BRIQUETERIE EAST CEMETERY, MONTAUBAN, on the East side of the brick-works between Maricourt and Montauban, containing the graves of 46 soldiers from the United Kingdom who fell in the latter half of 1916.

CARNOY COMMUNAL CEMETERY EXTENSION, in which 36 French soldiers and one from the United Kingdom were buried in March 1918.

CASEMENT TRENCH CEMETERY, MARICOURT, on the West side of the road to the Briqueterie, in which 163 soldiers from the United Kingdom and one from South Africa were buried in 1916-1918.

FARGNY MILL FRENCH MILITARY CEMETERY, CURLU, on the North bank of the Somme, in which six soldiers from the United Kingdom and two from Australia were buried in 1916-1918.

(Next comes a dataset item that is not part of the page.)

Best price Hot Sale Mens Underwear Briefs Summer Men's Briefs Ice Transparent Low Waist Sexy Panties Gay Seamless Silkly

LA COTE MILITARY CEMETERY, MARICOURT, a little way West of Peronne Road Cemetery, containing the graves of 38 soldiers from the United Kingdom and one from Australia who fell in 1916-1917.

MARICOURT FRENCH MILITARY CEMETERY, on the South side of the village, containing the graves of two soldiers from the United Kingdom who fell in December 1916.

TALUS BOISE BRITISH CEMETERY, CARNOY, between Carnoy and Maricourt, at the South end of a long copse. It was used in the latter half of 1916 and (chiefly by the 5th Royal Berks) in August 1918, and it contained the graves of 175 soldiers from the United Kingdom and five from South Africa.

There are now 1348, 1914-18 war casualties commemorated in this site. Of these, 366 are unidentified and special memorials are erected to 26 soldiers from the United Kingdom known or believed to be buried among them. Other special memorials record the names of three soldiers from the United Kingdom, buried in other cemeteries, whose graves could not be found. The cemetery covers an area of 3,787 square metres and is enclosed on three sides by a low red brick wall. The cemetery is the final resting place of many men of the 30th Division who in the main died of wounds during 1 – 3 July 1916.